** Opening Extracted records block **
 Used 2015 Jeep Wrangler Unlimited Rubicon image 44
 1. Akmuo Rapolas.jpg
** Closing Extracted records block **
** Opening Extracted records block **
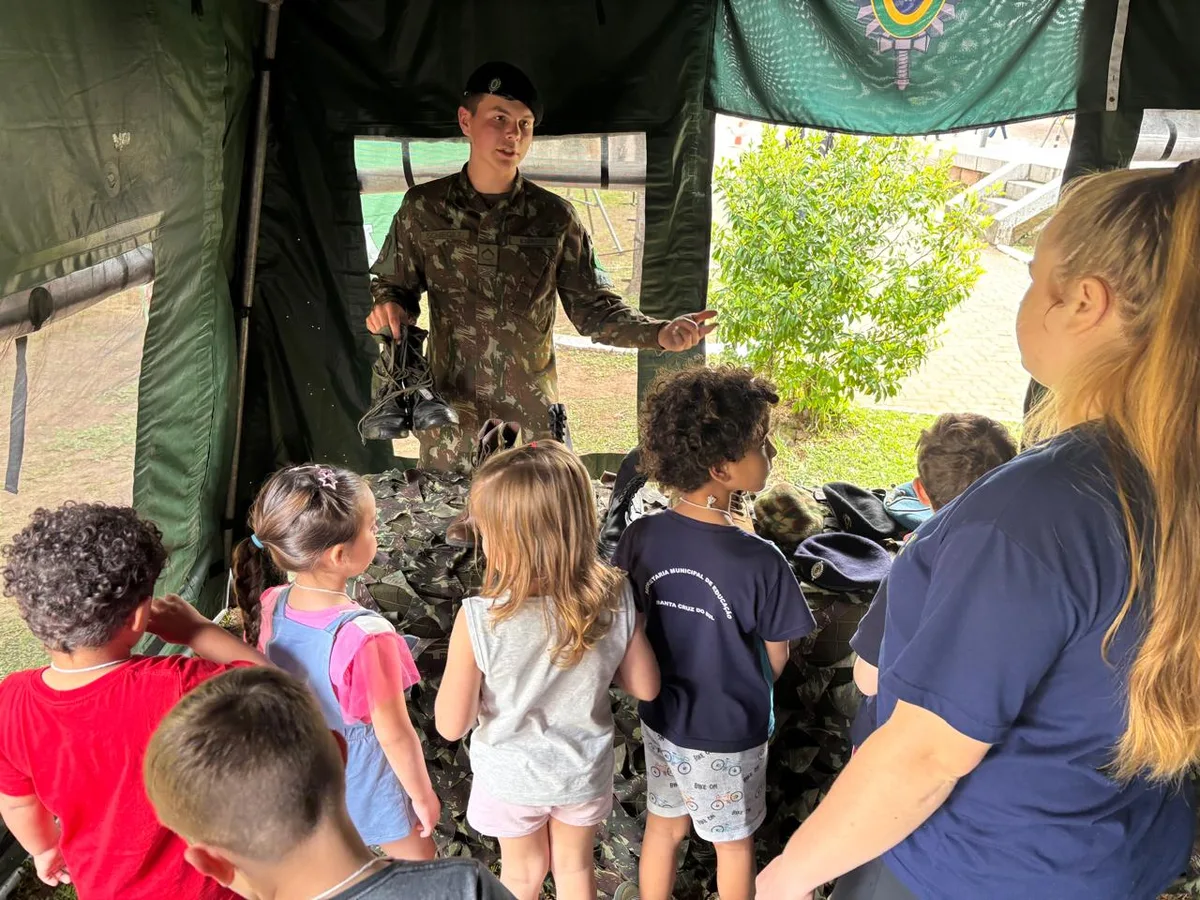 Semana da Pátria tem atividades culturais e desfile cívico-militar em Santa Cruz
** Closing Extracted records block **
*Problem statement:* What is asked for is an exact copy of the lines above from the one containing "Used 2015 Jeep" through the one containing "1. Akmuo Rapolas.jpg", and only those.

*Solution:*
 Used 2015 Jeep Wrangler Unlimited Rubicon image 44
 1. Akmuo Rapolas.jpg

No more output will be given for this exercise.